Configuration Options¶

Here, we will go over the configuration options you can use to customize your AutoTransformer for your use case, data, and hardware.

[ ]:

import autotransformers
from autotransformers import AutoTransformer, DatasetLoader

We will reuse the example dataset of the first tutorial. See the Getting Started tutorial for an explanation on the dataset’s structure.

[ ]:

# The text snippets in this dataset are from "googleplay", a public dataset of app reviews on Google's Play Store.
dataset = {
    "meta": {
        "name": "example_singlelabel",
        "version": "1.0.0",
        "created_with": "wizard"
    },
    "config": [
        {
            "domain": "text",
            "type": "IText"
        },
        {
            "task_id": "task1",
            "classes": ["positive", "neutral", "negative"],
            "type": "TSingleClassification"
        }
    ],
    "train": [
        [
            {"value": "None of the notifications work. other people in the forums teport similar problems bht no fix. the app is nice but it isnt nearly as functional without notifications"},
            {"value": "negative"},
        ],
        [
            {"value": "It's great"},
            {"value": "positive"},
        ],
        [
            {"value": "Not allowing me to delete my account"},
            {"value": "negative"},
        ],
        [
            {"value": "So impressed that I bought premium on very first day"},
            {"value": "positive"},
        ],
    ],
    "test": [
        [
            {"value": "Can't set more than 7 tasks without paying an absurdly expensive weekly subscription"},
            {"value": "negative"},
        ]
    ],
}

[ ]:

dl = DatasetLoader(dataset)

The help function can be used to find all supported configuration options for the given domain; in our example, the “text” domain. Other domains (e.g. “document”) may have other configuration options as well as other default values for them.

[ ]:

autotransformers.help("text")

The most important options are usually the epochs and the learning rate. A higher number of epochs may improve results, but takes longer to train. Likewise, the learning rate can be slightly adjusted if the model learns slowly or training is unstable.

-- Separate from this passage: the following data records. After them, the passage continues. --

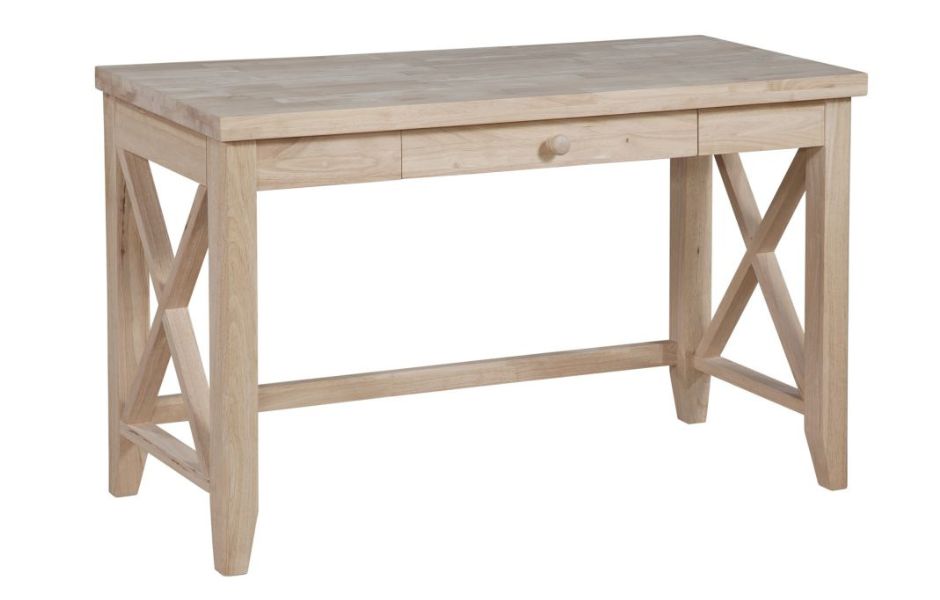 48" Hampton Desk Wood You Trinidad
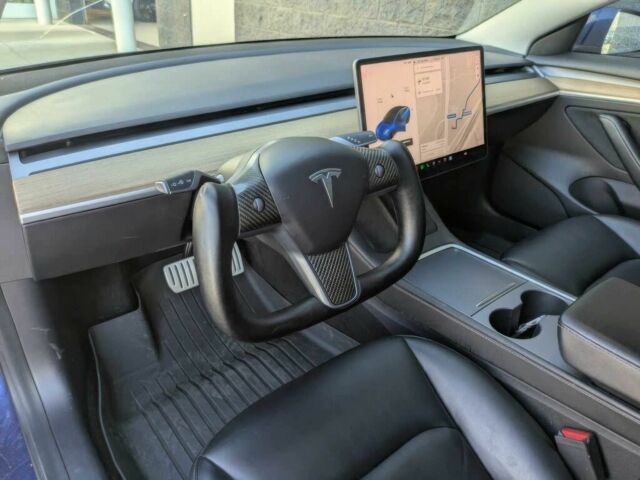 Тесла Модель 3 2021 у Києві на Automoto.ua Синій Тесла Модель 3, об'ємом двигуна 0 л та пробігом 28 тис. км за 8900 $, фото 7 на Automoto.ua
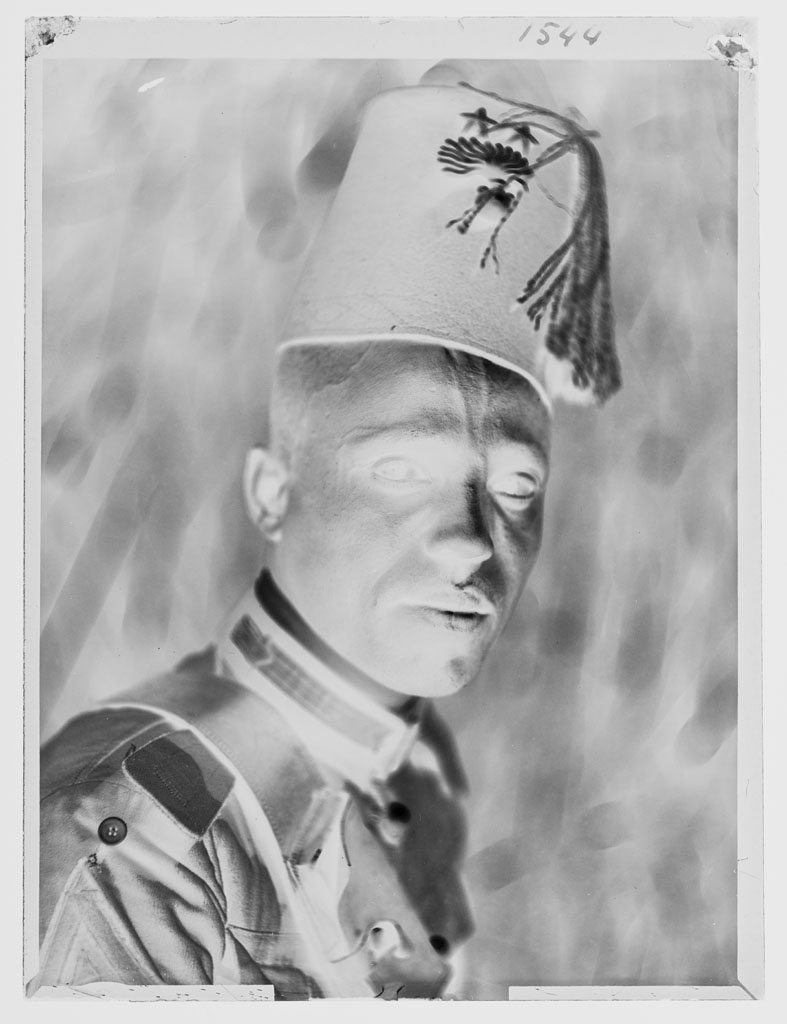 Uomini - Ritratti (negativo) di Balocchi, Vincenzo (prima metà XX)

If you see out-of-memory errors, you can try to adjust the batch size. This reduces memory footprint at the expensive of speed.

A config can be in list-style or nested-dict-style, as shown below. You can also supply a .json file directly.

[ ]:

# list-style config
config = [
    ("engine/stop_condition/type", "MaxEpochs"),
    ("engine/stop_condition/value", 2),
    ("engine/optimizer/lr", 3e-5),
    ("engine/train_batch_size", 32),
]

[ ]:

# equivalent dict-style config
config = {
    "engine": {
        "stop_condition": {
            "type": "MaxEpochs",
            "value": 2,
        },
        "train_batch_size": 32,
        "optimizer": {
            "lr": 3e-5
        }
    }
}

[ ]:

at = AutoTransformer(config)

at.init(dataset_loader=dl, path=".models/example06")
at.train(dl)